Good morning. It’s my first time telling this story, so bear with me.

I was born with a rare overgrowth genetic condition that gave me a 93 percent chance of never being able to speak. If you’d like to imagine that 93 percent, just stick your tongue out as far as it can go and imagine it stays in that position forever. I essentially had 7 percent odds of being able to eat, drink, and speak normally in my life. Crazy coincidence.

See, my birth was fairly complicated. My parents always wanted a child. They tried for years. So I decided to arrive very ahead of schedule—you’re welcome, Mom. And I was also very big. My dad lovingly described me in the Mandarin which translates lovingly into “fat meat caterpillar.” It’s true. I barely fit into the incubator, and my tongue was no exception. It didn’t fit into my mouth.

There was a surgery that would reduce my tongue and allow me to eat and speak like other children. But no Canadian surgeon was, quote unquote, “confident” in their ability to perform this surgery. My parents usually want their surgeons to be confident in their ability, and so they were about to give up when the phone rang. My mom had signed up for a comfort call, and a parent had selected them because her husband’s name was also Randy. And by pure coincidence, she worked with a doctor in St. Louis named Dr. Marsh.

For context, about eight successful tongue reduction surgeries happen every year in Canada. Dr. Marsh did eight successful tongue reduction surgeries before lunch on Tuesday. He was essentially the Michael Jordan of tongue reduction. So of course, we went to St. Louis, but that implied America, and American health care implied American prices. So just as I was getting accustomed to Canada and getting to know these two nice people, they had remortgaged their house in order to remodel my tongue.

At first, the gamble paid off. I could speak, and I seemed on track to live a healthy, normal life. But when I started school, it was like the surgery never happened. I essentially became mute because of how terrified I was of the people around me. I spent most of my time reading books and listening carefully in social situations just in case I was called on. And after crying through four straight class presentation attempts, my sixth-grade teacher involuntarily signed me up for the debate team as a form of speech therapy.

And to my surprise, I found the years of quietly reading and quietly listening to other people had prepared me extraordinarily well. All I was doing was telling stories and retelling the ones that I understood more deeply. And I got hooked. Suddenly, being a baby was helpful because I could bluff about my age to enter tournaments.
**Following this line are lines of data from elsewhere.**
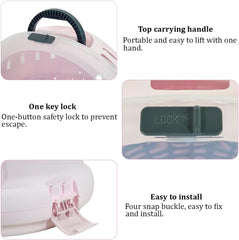 Cat Carrier | Spacious Pet Carrier for Dog & Cats with Safety lock, Handle & Ventilation Holes | Cat Travel Carrier for Outdoor Use with Transparent Design | Easy to Clean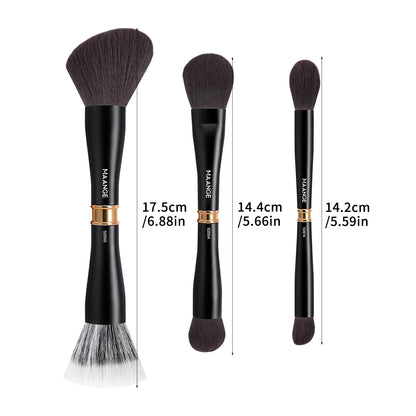 MAANGE 3pcs Dual-Head Multifunctional Makeup Brushes Sloping Foundation Concealer Brush Kabuki for Liquid Cream Blending Beauty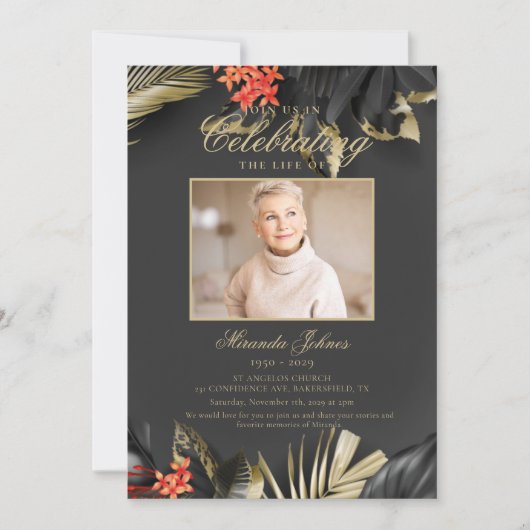 Modern Black Gold Funeral Photo Memorial Kaart (Voorkant)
One of my first tournaments was Harvard’s championships, and to everyone’s surprise, including my own, I ended up reaching the finals against Canada’s national debate team. I am Canadian. These are the best debaters in the country—my country. Of course, I’m worse than them. So to nobody’s surprise, we lost horribly. But shockingly, I’d been named the best individual speaker at the age of fourteen, and Canada’s coach came over to shake my hand. One thing led to another. Later that year, I became their youngest national team member. And from there, things exploded. A few months after getting my driver’s license, I was part of the team that won the World Championships. I had gone from almost permanent silence to speaking publicly and winning on the international stage. My mom never missed a tournament. She couldn’t stop smiling.

And I was now a debater who won. I never wanted to be seen again as the silent boy with a broken tongue. I wanted to be the perfect winner, the silver-tongued champion. And I learned over the years, just as I assume many of our politicians are trained to do, how to maximize winning, even at the cost of intellectualism. I began thinking of facts that aligned with my arguments rather than arguments that aligned with the facts. I learned to speak faster against younger opponents because they couldn’t process as quickly. I used my reputation to deliver weight behind increasingly hollow talking points. I just saw no other choice. I thought this was what being a winning debater meant. It wasn’t about being a better advocate or a better listener. It was about owning the competition. Success was making the other team cry. Success was about confident guesses and Ivy League degrees. Success was a well-worn path to law school.

My senior year, my best friend took his life a few days before Halloween, and I had to miss the funeral because I had to debate the next day. That is still a decision I regret to this day, and I can’t speak into words how badly it affected me. And for the first time in four years, I decided to take some time off debating—not because I wanted to but because my school psychiatrist forced me. And after a couple weeks of not going to tournaments but still listening because I wanted to stay sharp, I realized how meaningless this all was—how meaningless it was that I was a bully and I could convince people of anything and that I could pick a side at the drop of a hat. I didn’t want to just be an empty, sharp suit. I wanted to be something more.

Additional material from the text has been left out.